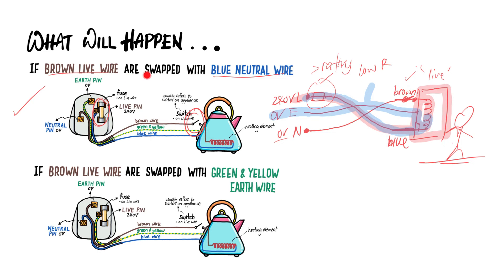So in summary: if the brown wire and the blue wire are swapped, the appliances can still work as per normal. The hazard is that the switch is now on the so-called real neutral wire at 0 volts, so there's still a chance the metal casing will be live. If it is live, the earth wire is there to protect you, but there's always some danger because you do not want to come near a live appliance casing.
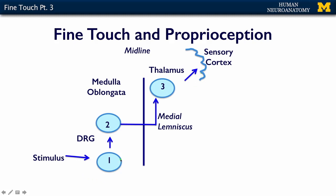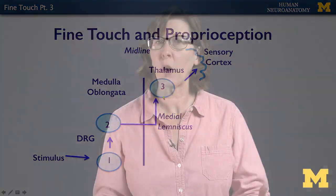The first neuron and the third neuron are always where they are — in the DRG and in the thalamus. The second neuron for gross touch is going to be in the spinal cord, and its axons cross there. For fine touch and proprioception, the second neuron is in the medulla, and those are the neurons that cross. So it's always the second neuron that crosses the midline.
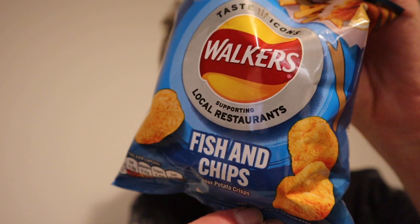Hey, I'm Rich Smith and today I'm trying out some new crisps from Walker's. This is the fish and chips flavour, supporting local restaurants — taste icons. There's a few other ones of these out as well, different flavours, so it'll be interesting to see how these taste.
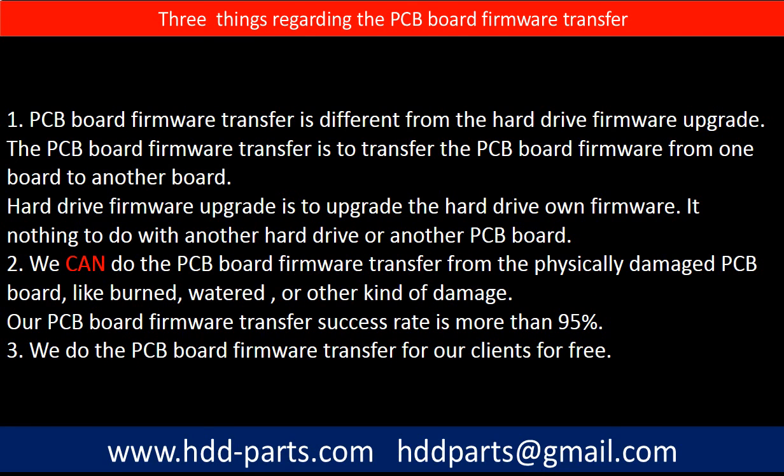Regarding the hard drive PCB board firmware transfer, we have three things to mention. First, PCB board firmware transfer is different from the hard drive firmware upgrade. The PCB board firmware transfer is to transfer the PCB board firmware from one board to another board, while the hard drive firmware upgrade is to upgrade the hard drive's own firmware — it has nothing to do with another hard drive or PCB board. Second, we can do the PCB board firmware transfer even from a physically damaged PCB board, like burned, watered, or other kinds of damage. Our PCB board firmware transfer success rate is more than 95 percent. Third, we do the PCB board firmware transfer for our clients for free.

========================================================================

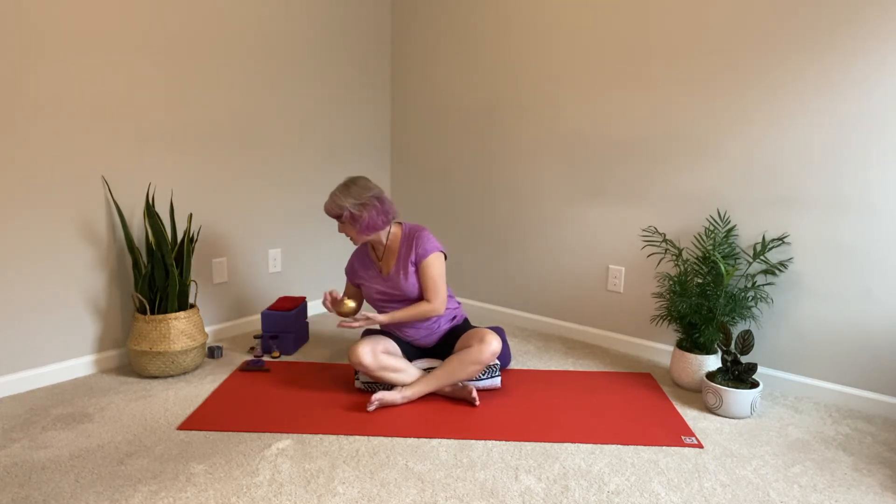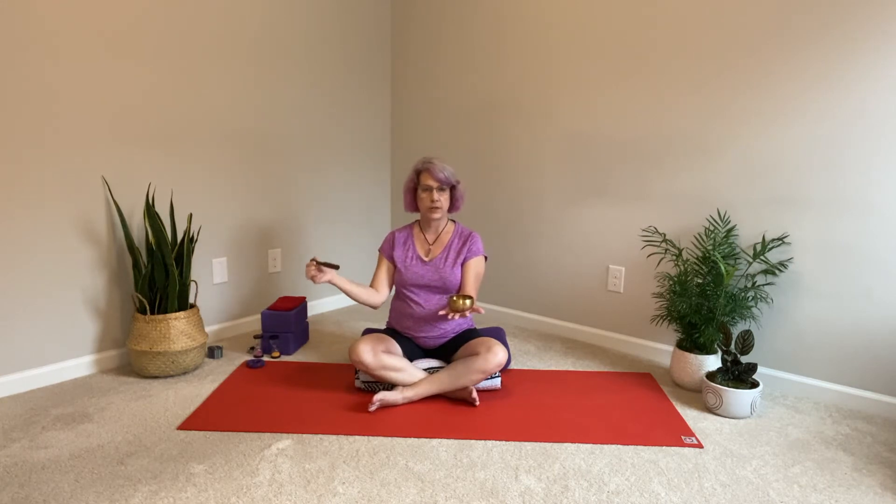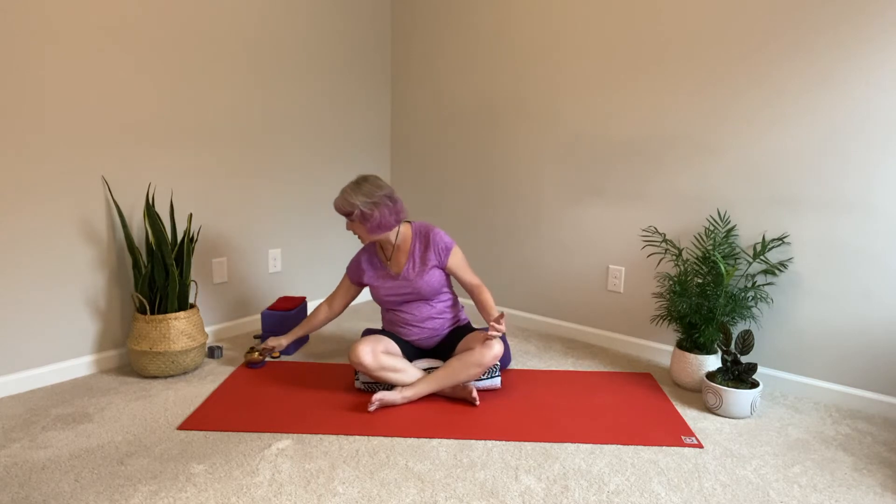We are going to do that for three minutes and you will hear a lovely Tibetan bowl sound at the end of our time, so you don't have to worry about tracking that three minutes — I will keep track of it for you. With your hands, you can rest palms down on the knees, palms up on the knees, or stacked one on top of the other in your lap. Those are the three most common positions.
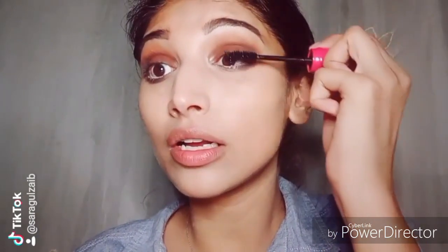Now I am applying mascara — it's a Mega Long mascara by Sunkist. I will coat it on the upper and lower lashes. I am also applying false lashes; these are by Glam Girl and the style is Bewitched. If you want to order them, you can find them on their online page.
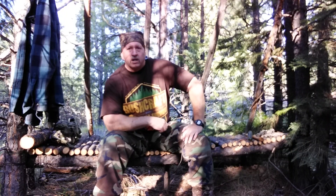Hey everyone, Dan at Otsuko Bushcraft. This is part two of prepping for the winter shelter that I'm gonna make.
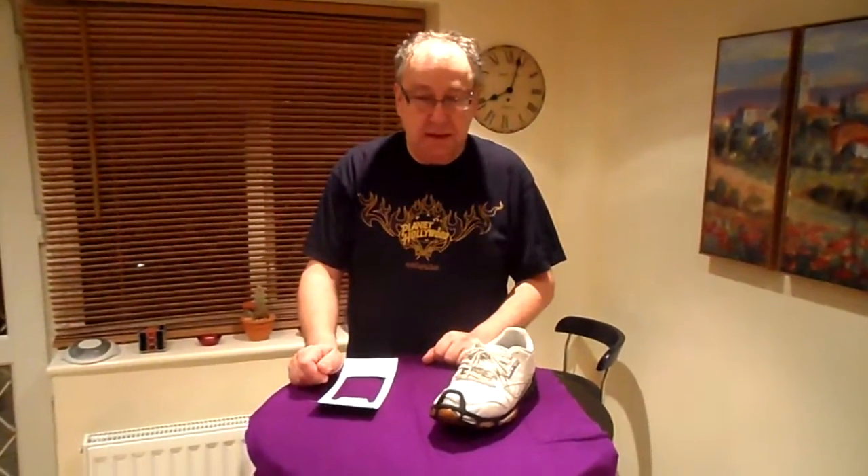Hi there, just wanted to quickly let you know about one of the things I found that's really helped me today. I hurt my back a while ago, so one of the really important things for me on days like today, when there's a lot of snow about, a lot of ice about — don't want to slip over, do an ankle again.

========================================================================

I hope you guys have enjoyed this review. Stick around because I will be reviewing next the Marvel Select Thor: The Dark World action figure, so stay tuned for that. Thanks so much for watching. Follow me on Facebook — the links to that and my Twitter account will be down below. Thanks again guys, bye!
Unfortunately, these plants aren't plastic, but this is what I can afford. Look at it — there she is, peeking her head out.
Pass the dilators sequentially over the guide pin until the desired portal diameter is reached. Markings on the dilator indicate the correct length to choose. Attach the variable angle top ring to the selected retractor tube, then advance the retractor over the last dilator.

========================================================================

Problem statement: I'd like the lines above repeated exactly, from the one that contains "Now I am applying" through the one that contains "Hi there, just", with no pictures.

Task answer:
Now I am applying mascara — it's a Mega Long mascara by Sunkist. I will coat it on the upper and lower lashes. I am also applying false lashes; these are by Glam Girl and the style is Bewitched. If you want to order them, you can find them on their online page.
Hey everyone, Dan at Otsuko Bushcraft. This is part two of prepping for the winter shelter that I'm gonna make.
Hi there, just wanted to quickly let you know about one of the things I found that's really helped me today. I hurt my back a while ago, so one of the really important things for me on days like today, when there's a lot of snow about, a lot of ice about — don't want to slip over, do an ankle again.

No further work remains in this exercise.